It could be another 100,000 years until the giant red star Betelgeuse dies in a fiery explosion, according to a new study by an international team of researchers.
The study, led by Dr. Meridith Joyce from The Australian National University (ANU), not only gives Betelgeuse a new lease on life, but shows that it is both smaller and closer to Earth than previously thought.
Dr. Joyce that the supergiant – part of the constellation of Orion – has long fascinated scientists. But lately, it has behaved strangely.
“It’s usually one of the brightest stars in the sky, but we’ve observed two drops in Betelgeuse’s radiance since late 2019,” said Dr. Joyce.
“It prompted speculation that it might explode. But our study offers a different explanation.
“We knew that the first dimming event involved a dust cloud. We found the second smaller event was probably due to star pulsations.”
Researchers have used hydrodynamic and seismic modeling to learn more about the physics that drive these pulses – and get a clearer idea of what stage of its life Betelgeuse is.
According to fellow author Dr. Shing-Chi Leung from The University of Tokyo, the analysis “confirmed that the pressure gauges – the important, sound waves – were the cause of the Betelgeuse bug.”
“It’s burning helium in its core right now, which means it’s nowhere near the explosion,” said Drs. Joyce.
“We can look around 100,000 years before an explosion occurred.”
Co-author Dr. László Molnár from Konkoly Observatory? In Budapest the study also said that it also revealed how big Betelgeuse is, and how far it is from Earth.
“Betelgeuse’s actual physical size has become a mystery – previous studies have suggested that it may be larger than the orbit of Jupiter. Our results say that Betelgeuse only reaches two-thirds of it, with a radius of 750 times the radius of the sun, “said Dr. Molnár.
“When we had physical star size, we determined the distance from Earth. Our results show that it was a little 530 light years from us – 25 percent closer than previously thought.”

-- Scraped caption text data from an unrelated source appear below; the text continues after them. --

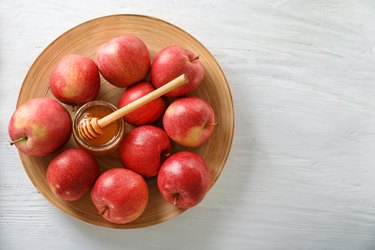 Ripe juicy apples with honey on wooden plate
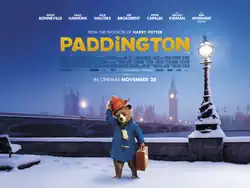 In a snowy London, Paddington Bear, seen with a blue jacket, a scarf, and a suitcase, lifts his red hat with his right hand.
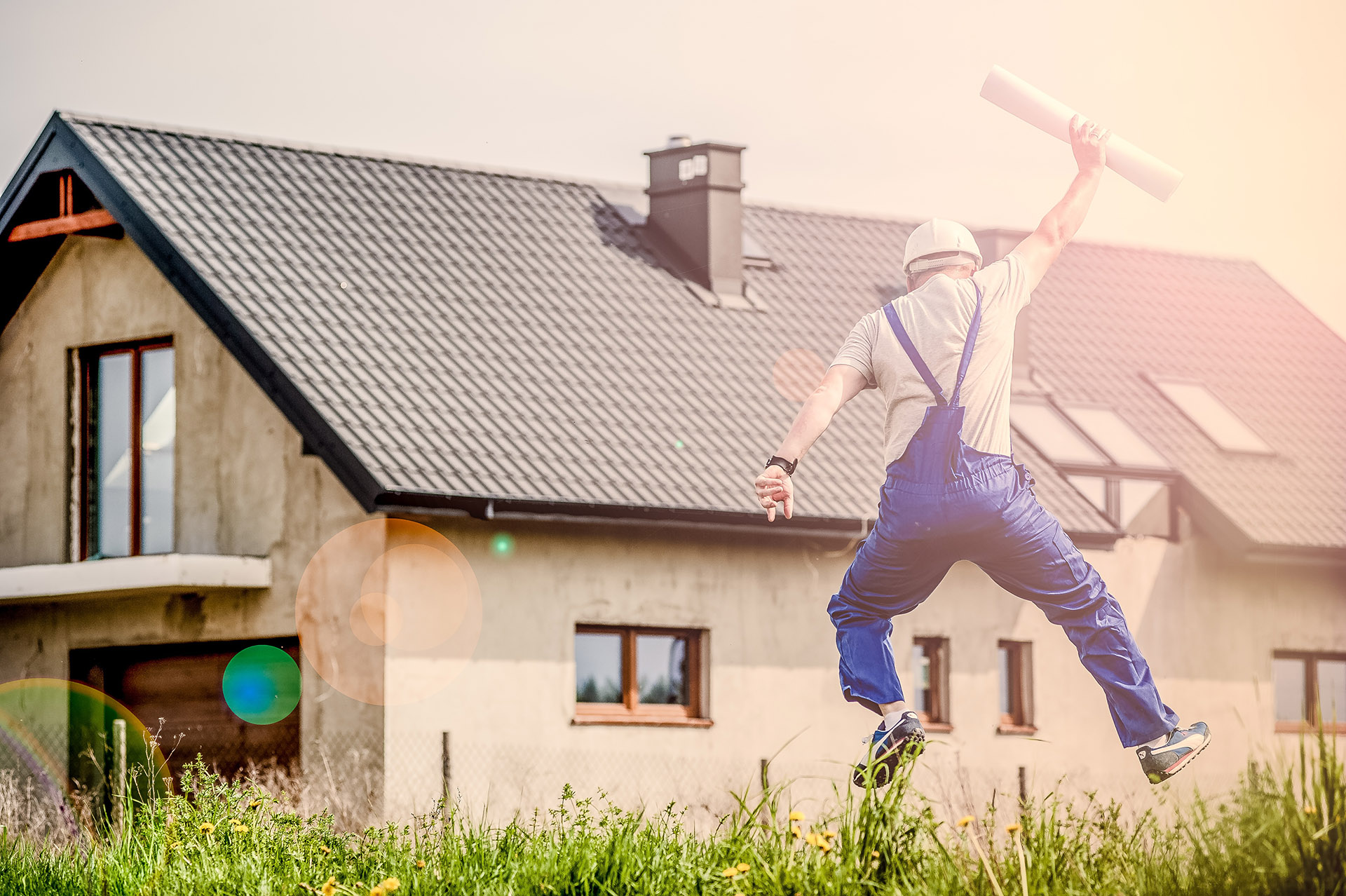 Handwerker springt gut gelaunt mit einer Bauzeichnung vor einem Haus in die Luft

The good news is that Betelgeuse is still very far from Earth for the eventual explosion to have a significant impact on it.

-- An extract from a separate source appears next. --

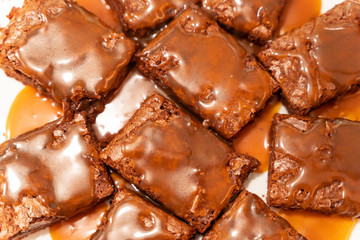 Top view on pieces of brownie poured with salted caramel sauce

“It is still a big deal when a supernova falls. And this is our closest candidate. It gives us a rare opportunity to study what happens to stars like this before they explode, ”Dr. Joyce said.

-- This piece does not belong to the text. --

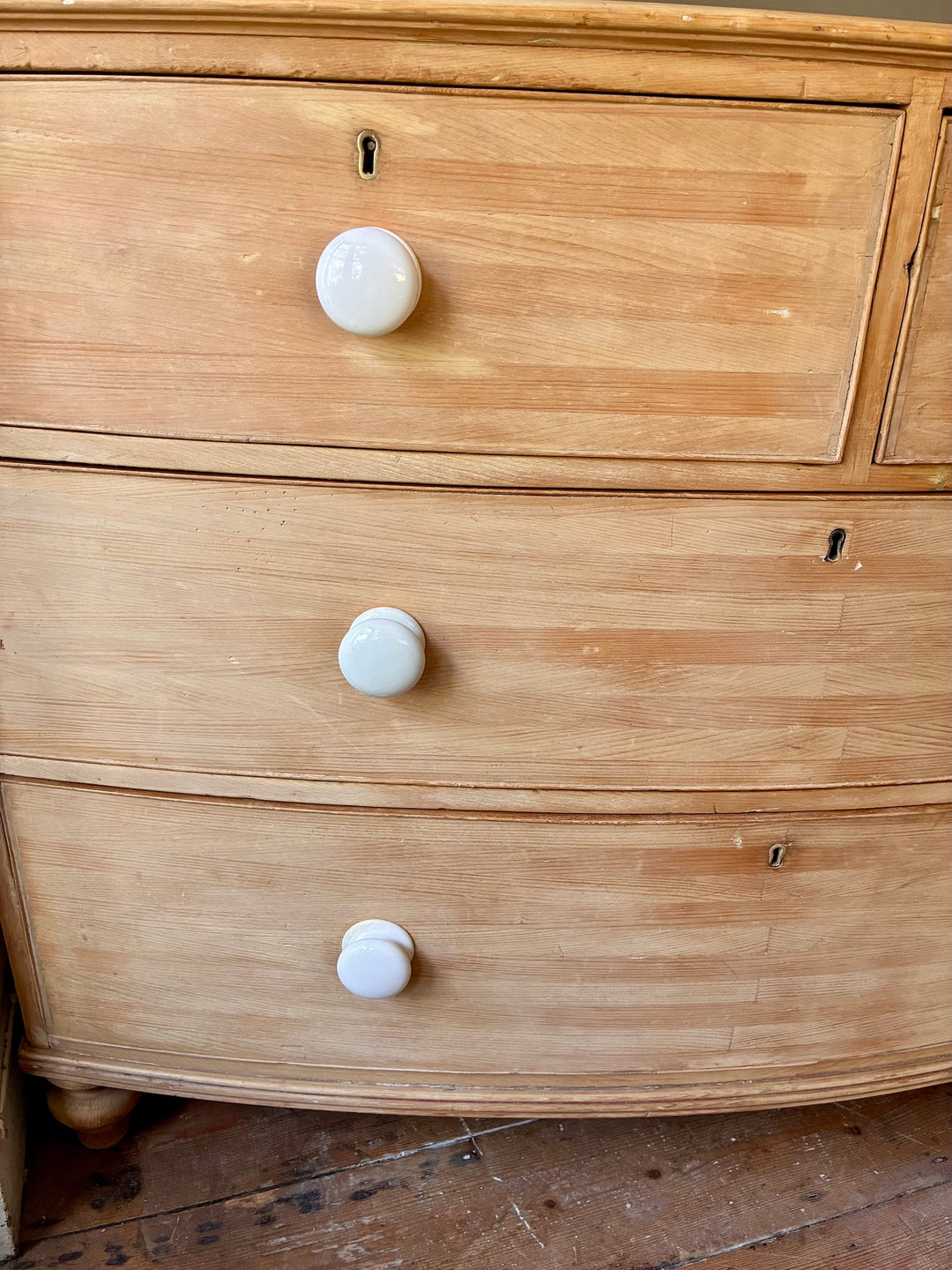 Antique Pine Bow Front Chest of Drawers featuring white porcelain handles and rustic craftsmanship.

The study was funded by The Kavli Institute for Physics and Mathematics of the Universe (WPI), The University of Tokyo, and facilitated by ANU Distinguished Visitor’s program. This includes researchers from the United States, Hungary, Hong Kong and the United Kingdom, as well as Australia and Japan.
The study is published in The Astrophysical Journal.
Reference: “Standing on the Shoulders of Giants: New Mass Estimation and Distance for Betelgeuse through Combined Evolutionary, Asteroseismic, and Hydrodynamic Simulation with MESA” by Meridith Joyce, Shing-Chi Leung, László Molnár, Michael Ireland, Chiaki Kobayashi and Ken’ichi Nomoto, 13 October 2020, The Astrophysical Journal.